Sagripanti sa di poter contare su un'orchestra ottima qual è quella della Rai, che difatti sostiene con bel suono e virtù tecniche la serata praticamente senza intoppi, ma proprio perché lo strumento è eccellente si sarebbe potuto ricercare qualche piano in più, si sarebbe potuto avere il coraggio di abbandonarsi all'ampiezza estatica dei concertati (“Ô toi dont la clémence” e “Je tremble e soupire” risultano quasi sbrigativi) per poi valorizzare meglio le tensioni più incalzanti, dove, ancora, sembra prevalere una prudenza che morde troppo il freno e non scava nel dramma, nella dimensione collettiva e individuale, nella dialettica delle forme musicali così ben concatenate da Rossini. Insomma, come Pizzi si affida alle impeccabili geometrie dell'impianto scenico e dei drappeggi dei costumi, così Sagripanti punta senza rischiare sulla qualità dei suoi complessi (bene anche il coro del Teatro Ventidio Basso preparato da Giovanni Farina) e dei solisti per consegnare un compito senz'altro corretto e non privo di pregi, ma ben lungi dall'autentica dimensione del capolavoro rossiniano.
Abbiamo detto, infatti, del successo e delle qualità di Berzhanskaya. Il discorso si può ripetere con qualche distinguo per l'Anaï di Eleonora Buratto: proprio per il suo non essere, a differenza della collega russa, una belcantista specializzata, desta ammirazione sentire una tale cura e dedizione el canto di agilità da parte di chi poco più di un mese fa cantava Aida all'Arena. La voce è morbida, ben appoggiata, l'espressione sincera. Con lei, si apprezza tutto il versante ebraico, a partire naturalmente dal Moïse di Roberto Tagliavini: canto nobile, timbro prezioso, ispirata dignità che solo avrebbe meritato altra valorizzazione da podio e regia. Monica Bacelli fa di Marie un raffinato cammeo e Alexey Tatarintsev desta interesse con il suo incisivo Éliézer. La famiglia reale egiziana, invece, patisce la definizione al limite del caricaturale già evidenziata in Schrott, che lascia ancor più l'amaro in bocca se si pensa alla qualità straordinaria della sua voce,tanto bella, ampia, facile ed estesa.

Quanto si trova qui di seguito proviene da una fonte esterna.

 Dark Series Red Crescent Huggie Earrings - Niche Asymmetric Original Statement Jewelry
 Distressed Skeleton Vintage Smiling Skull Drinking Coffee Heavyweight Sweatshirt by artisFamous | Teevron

Come Aménophis Andrew Owens mostra diversi problemi di tenuta e volume, da cui discende anche una resa davvero pallida del personaggio: il tempo potrà dirci se è stata solo una serata poco felice, che ci auguriamo possa esser presto superata. Matteo Roma come Aufide e Nicolò Donini come Osiride e Voix mistérieuse completano il cast.
Dopo quattro atti in cui si può sentire cantare e suonare bene, ma in cui di opera – intesa come teatro musicale, in cui abbiamo un'azione, in cui il suono corrisponde a una parola, un senso, a rapporti e psicologie – abbiamo molto poco, gli applausi arrivano, unanimi, per una buona decina di minuti. Possiamo unirci solidali al giusto tributo per l'impegno profuso sul palco e in buca, però Rossini, il grande Rossini questa sera ci è mancato, e non per sua colpa. Confidiamo di rifarci nei prossimi giorni.